Bel-Rose observait avec une secrette horreur le tableau de ces malheurs de Vénus, lorsque la porte du lieu secret où son magique anneau a pu seul le faire pénétrer, s’entrouve sans bruit et se referme aussitôt avec précaution. Il voit alors paraître six femmes différemment belles ; et par le discours de l’une, qu’il n’a pas de peine à reconnaître pour la princesse du lieu, il découvre que les autres sont vouées à ses plaisirs, et que des fautes légères dont elles se sont rendues coupables, les ont forcées à venir subir un châtiment dont il va être le témoin. Sophie, Phrosine, Aglaée, Evelina et Flore, vous avez manqué, dit Me. Merteuil, (c’était le nom de la maîtresse du lieu) vous avez manqué aux réglemens de la maison où votre misère fut accueillie ; vous savez qu’elle peine vous est réservée : apprêtez-vous à la subir. Sophie, commencez ; et vous, Evelina, soyez l’instrument d’une vengeance dont vous sentirez les effets à votre tour. À peine ces paroles furent-elles prononcées, que Sophie se met à genoux, et soulève avec soumission les voiles qui cachent la partie postérieure de son corps ; alors une armoire, pratiquée dans l’épaisseur du mur, s’entrouve, et parmi les nombreux instrumens de cruauté et de plaisir qu’elle renferme, Bel-Rose voit Evelina saisir un martinet dont elle frappe sa malheureuse compagne, de manière à bientôt rougir et ensanglanter les aimables rondeurs qu’elle livre aux plus terribles coups. La femme barbare qui commande cette cruelle punition ne tarde pas à sentir les effets du spectacle qui lui est présenté. Des feux que les moyens ordinaires et naturels ne peuvent plus allumer, l’embrasent progressivement ; leur ardeur fait bouillonner son sang et change l’expression de ses traits : bientôt, gênée par la seule tunique qui la couvre, elle s’en débarasse ; et, affranchissant également de tous voiles ses esclaves infortunées, elle se réunit et se grouppe avec elles sur un des lits de repos, les caresse et les déchire tour-à-tour, saisit des mains d’Evelina le terrible martinet, frappe avec force les beautés éblouissantes dont elle est entourée, fait couler le sang sous ses coups, ses dilacérations et ses morsures ; et au milieu des pleurs, et enivrée, excitée par le spectacle de la douleur, elle arrive enfin à des accès de volupté dont l’énergie fait crisper ses cheveux et frissonner tout son corps agité d’une violente convulsion.

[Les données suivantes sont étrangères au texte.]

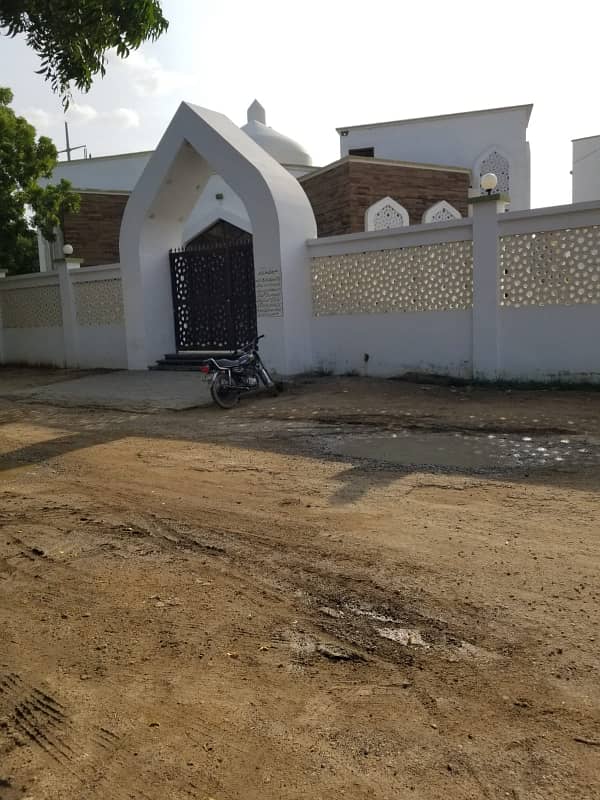 Saadi Garden 120sqy West open Available for Sale only 48. Lac 4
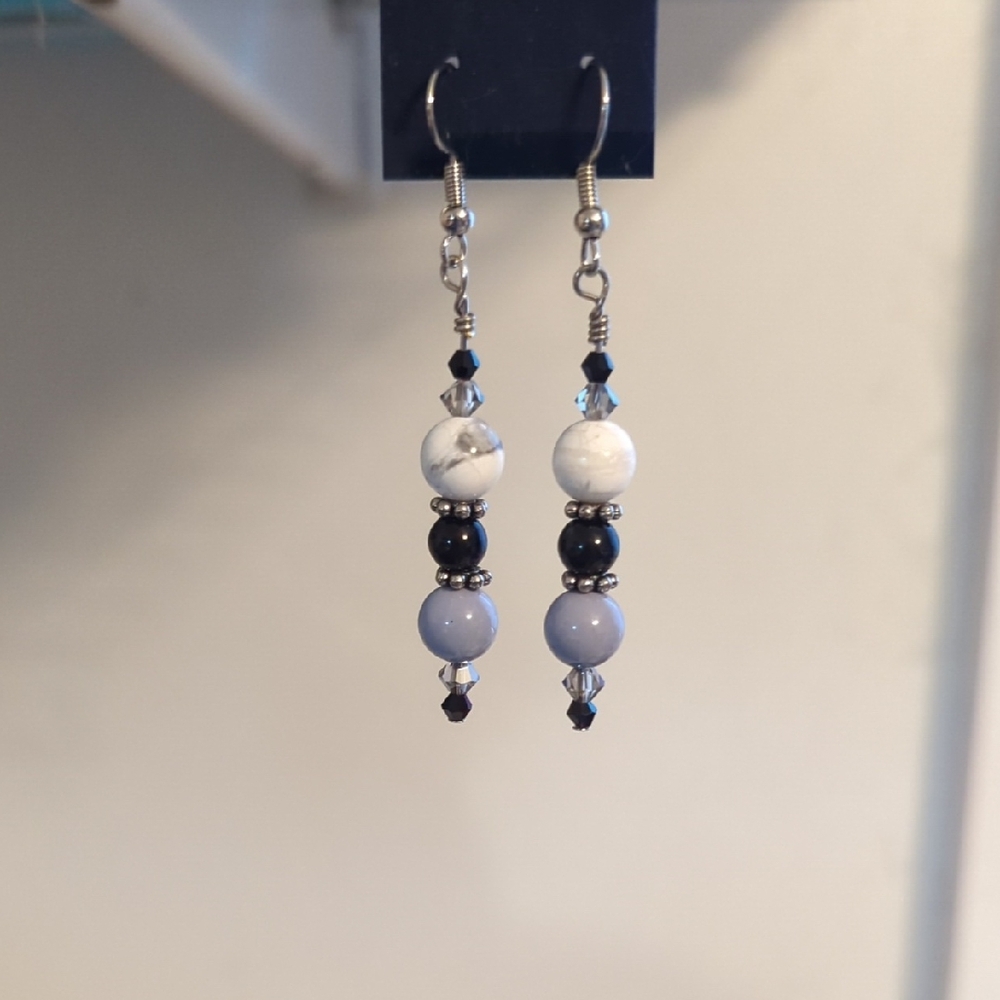 Chic Gray and White Earrings with Silver Accents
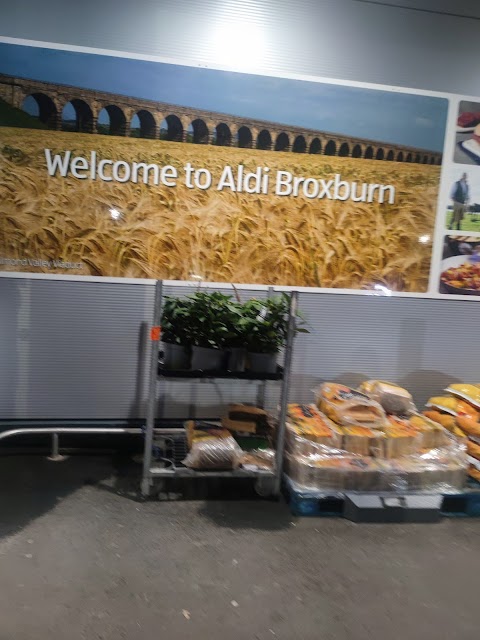 Aldi, Broxburn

Fuions, dit Bel-Rose, ce lieu où, ne se bornant pas à un écart révoltant, une femme, à la fois dégradée et barbare, boit la volupté avec les pleurs, et allie deux extrêmes aussi éloignés, que les supplices et le plaisir. La scène affreuse dont je viens d’être le témoin, plusieurs de celles qui l’ont précédée, me font renoncer à mes projets d’observation. Je me remets sérieusement à la poursuite du cœur virginal et novice que j’ai déjà cherché avec tant d’ardeur.



  1. Mercier. Les quatre métamorph. pag. 48.